ATHENS, Tenn. (WATE) — Many people in East Tennessee want McMinn County school leaders to rescind a recent school board decision to ban the novel “Maus” from the eighth-grade curriculum citing graphic language and nudity.
The move garnered national attention, but no action was taken by the board Thursday. “Maus” by Art Spiegelman is about his parents’ experiences while held captive in a WWII concentration camp. In the book, Jewish people are portrayed as mice and Nazis are portrayed as cats.
Dr. Patricia Waters opposes the ban.
“The world isn’t monolithic, and we have to try to understand each other,” she said.
Waters was accompanied at the school board meeting with a large crowd wanting to see the book returned to the curriculum. Dozens in opposition of the ban believe school board members are not following their own policy.
“They did not consider the book holistically and they did not go through the process for dealing with a challenged book,” Waters said.
Ethan Barker a graduate of McMinn County Schools compared the banned book to other stories he read while in school.
“I don’t think they expected this kind of repercussion from it,” Barker said of the board. “Personally, I don’t see any problem with the book especially when we read books like ‘How to Kill a Mockingbird’ or Huck Finn.”
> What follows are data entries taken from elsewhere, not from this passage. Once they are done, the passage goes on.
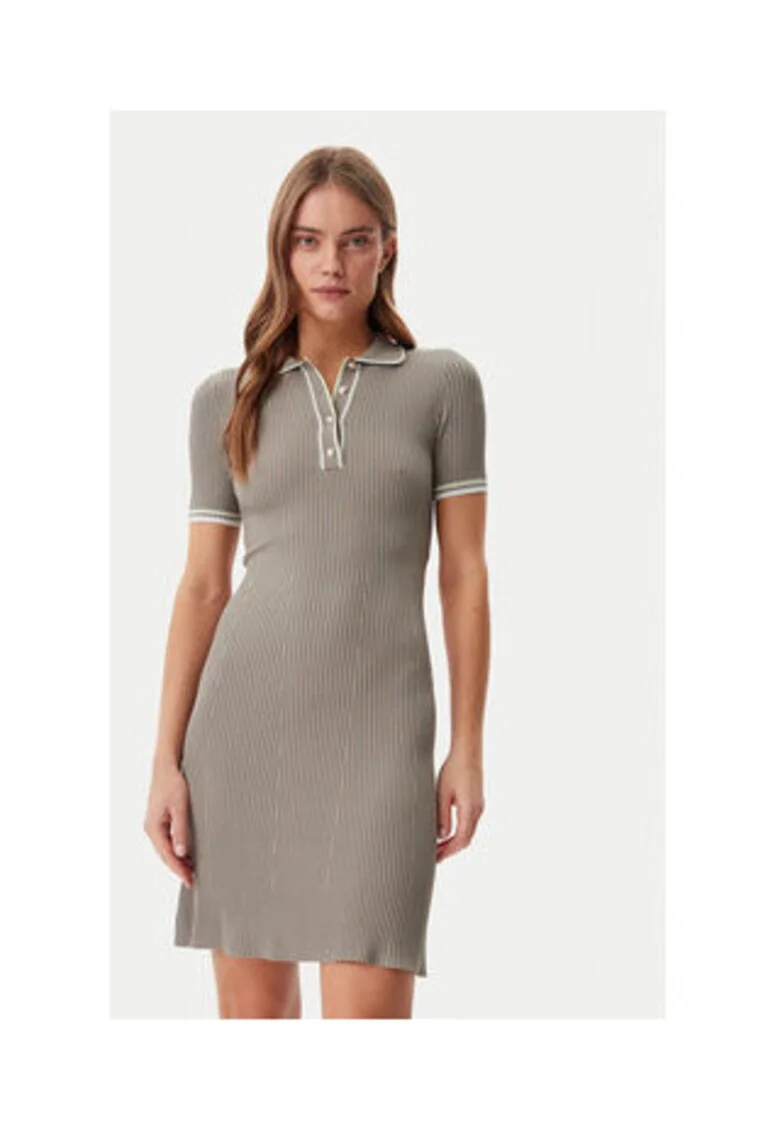 Rochie tricotata cu croiala cambrata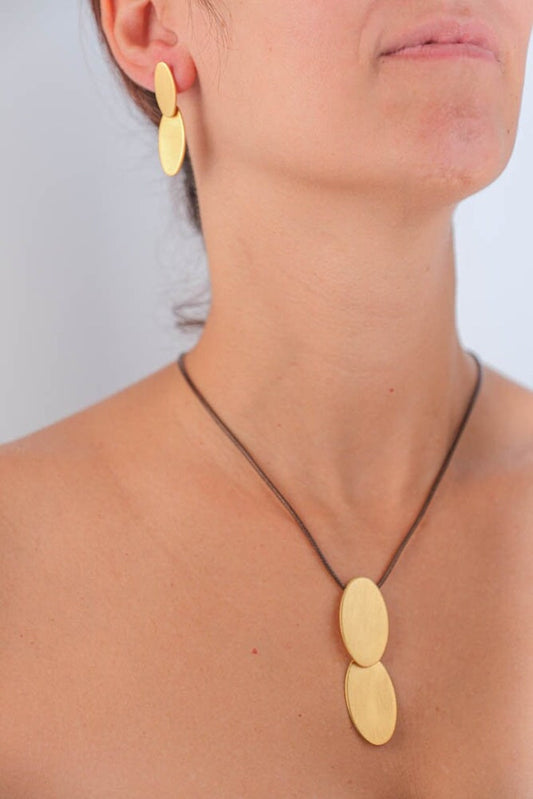 Dynamic Oval Necklace side view with sculptural profile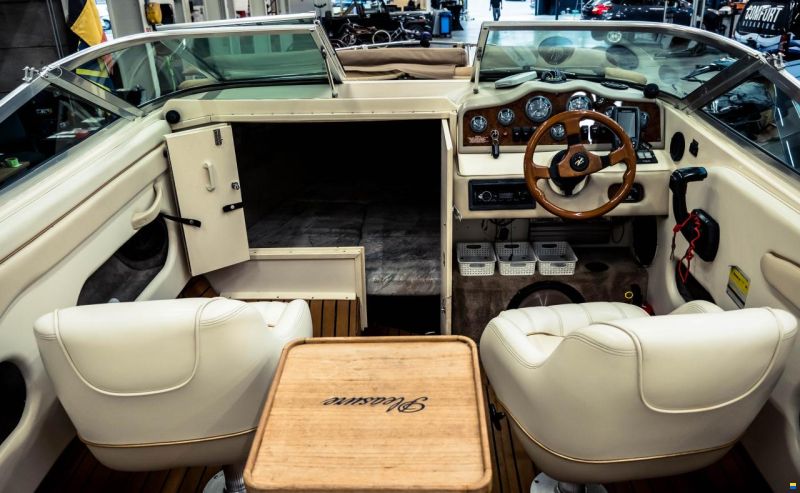 Sea Ray 200 Signature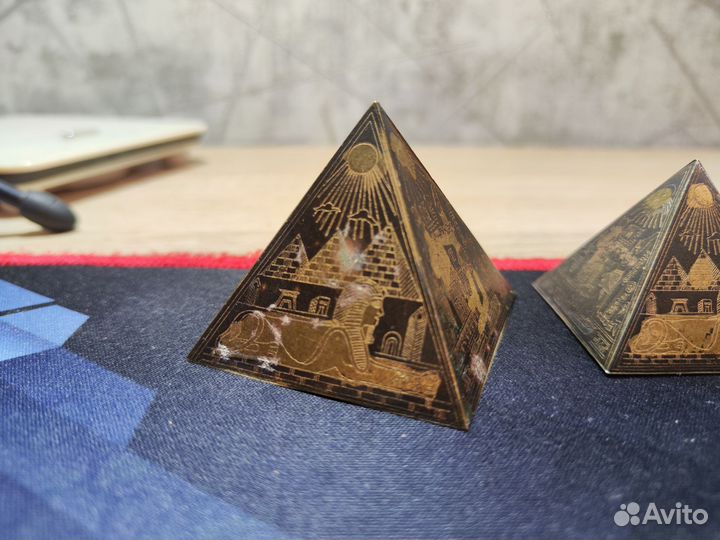 Египетские пирамиды латунь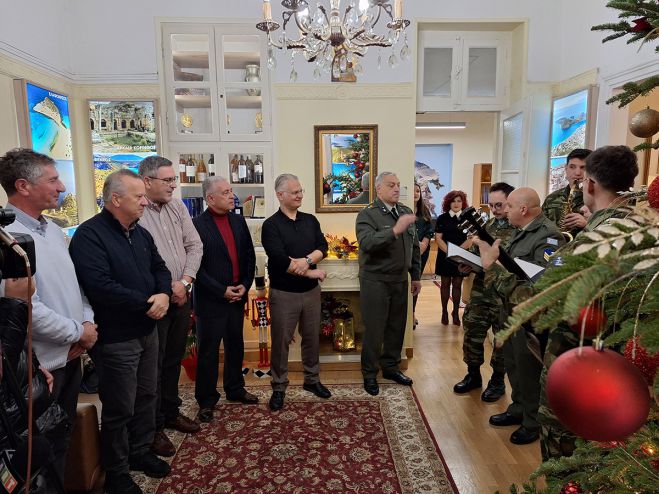 Κάλαντα και γιορτινές μελωδίες στην Περιφέρεια Πελοποννήσου |  Πτωχός: «Να σταθούμε ο ένας δίπλα στον άλλον, με σεβασμό, κατανόηση και πίστη»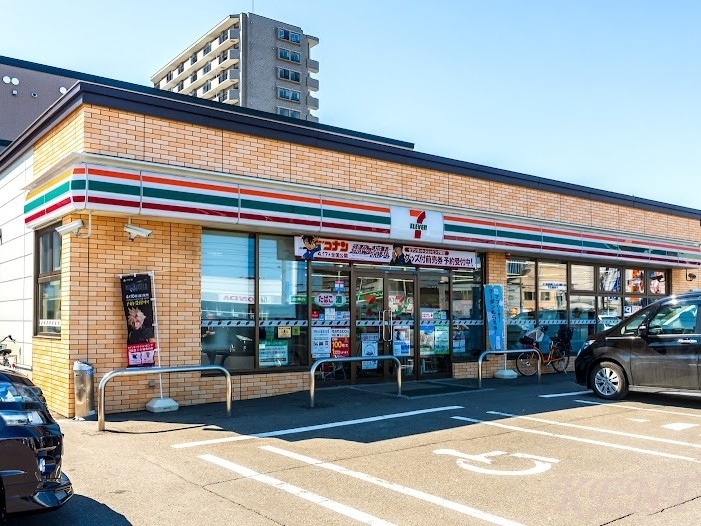 コンビニ　セブンイレブン札幌北4条西25丁目店（コンビニ）まで274m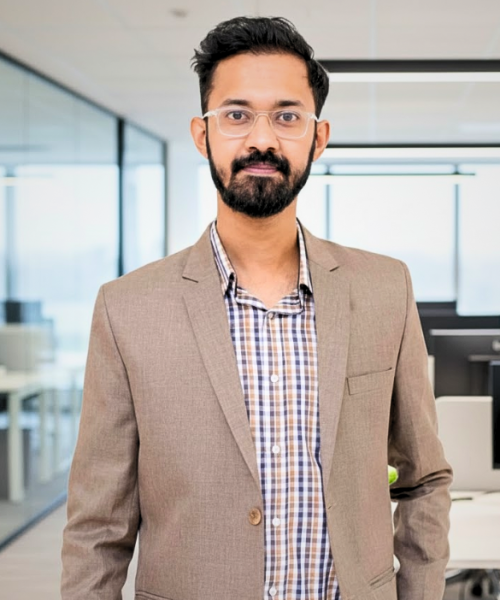 Muhammad Fazal Sialvee, Director of HR and Marketing at Evocare Billings, professional leadership portrait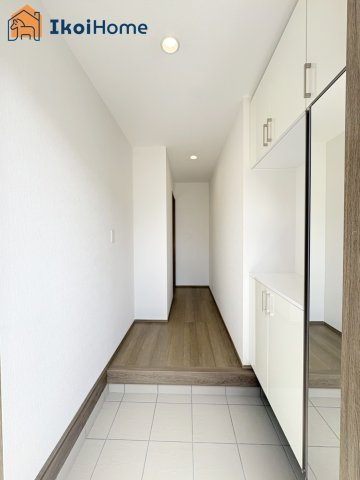 神戸市西区糀台2丁目　新築戸建　A号棟の玄関|【ホームページに現地動画掲載中】●年中無休：当日予約可●玄関には便利な姿見付シューズボックスを完備！
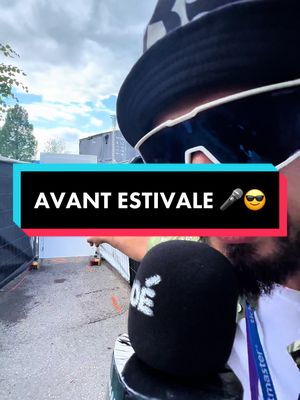 A post by @jackodesbois on TikTok caption: LES IMPRESSIONS AVANT ESTIVALE DES BÉNÉVOLES 🎤😎 #estivaleopenair #estavayerlelac #Festival #jepeuxpasjaifestival #fyp #microtrottoir #tvestivale @Estivale Open Air 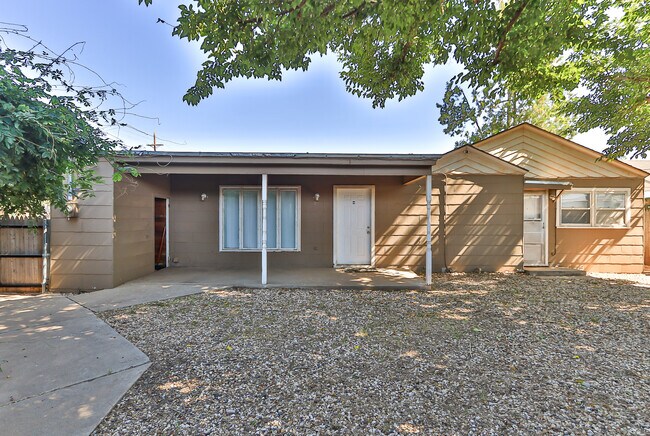 Building Photo - 2517 33rd St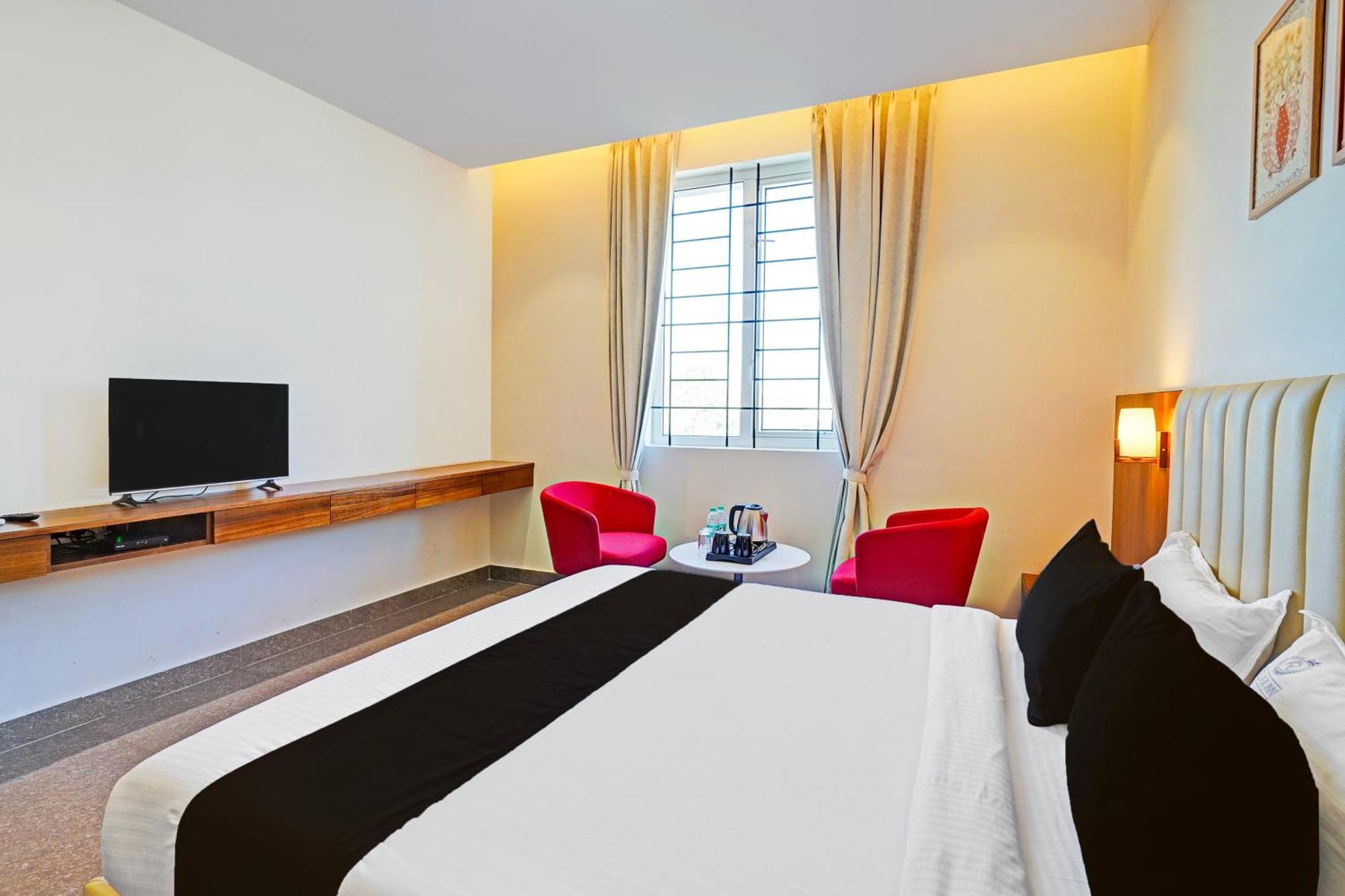 Super Townhouse Oak Electronic City Formerly Hotel Trubell Kammasandra Exterior foto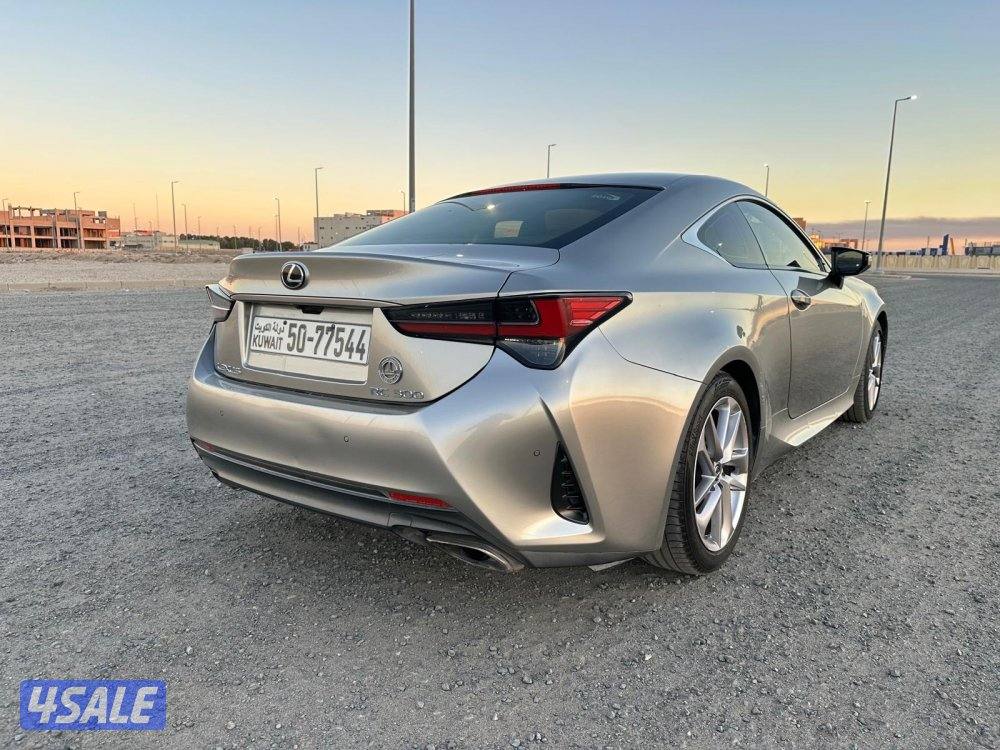 لكزس RC 300 موديل ٢٠١٩ بحالة الوكالة3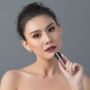 7 Rekomendasi Lipstik Ombre Buat Atasi Bibir Hitam: Produk Lokal Kualitas Internasional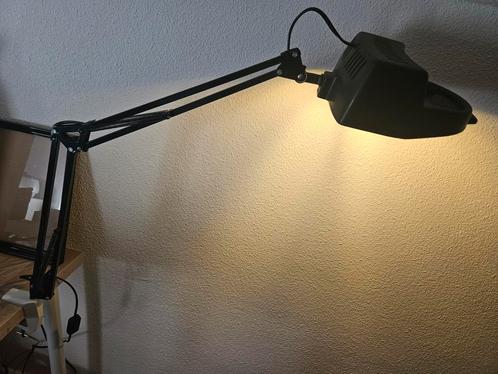 Loeplamp zwart, Hobby en Vrije tijd, Vergrootglazen, Loepen en Loeplampen, Zo goed als nieuw, Loeplamp, Ophalen of Verzenden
The room was filled to capacity for the regularly scheduled monthly meeting. Many watched everything unfold in an overflow room. Several people addressed the school board with their concerns about the ban.
“Few curse words they actually have in the book and the one scene they claim as pornography, which is a teeny, teeny, tiny little spot in the book, and you have to be as the author said some sort of sick person to get your kicks off from a half-naked mouse in a teeny tiny corner of a page,” Barker explained.
McMinn County School Board member Mike Cochran said other options are available to teach about the Holocaust.
“There are a lot of great books out there that don’t use the profanity, that don’t use the unnecessary content to teach it,” he said. “As a parent, you have every right to put that in front of your child, but you don’t have the right to put that in someone else’s child’s hands and that’s how I feel about the school board.”
Waters says the ban goes beyond just “Maus.”
“It’s about a whole attitude,” she said. “Cultural, social, economic toward literacy and what literacy means. If we rob children of literacy in the schools, we’re not only robbing them of their present but also their future.”
“Most of the media is saying we don’t want to teach the Holocaust or we’re backcountry hicks that don’t understand what’s going on,” Cochran said. “We’re all educated. We all understand the Holocaust very well. We have forefathers that went over there and liberated some of those camps, so we want it taught and we want it taught well.”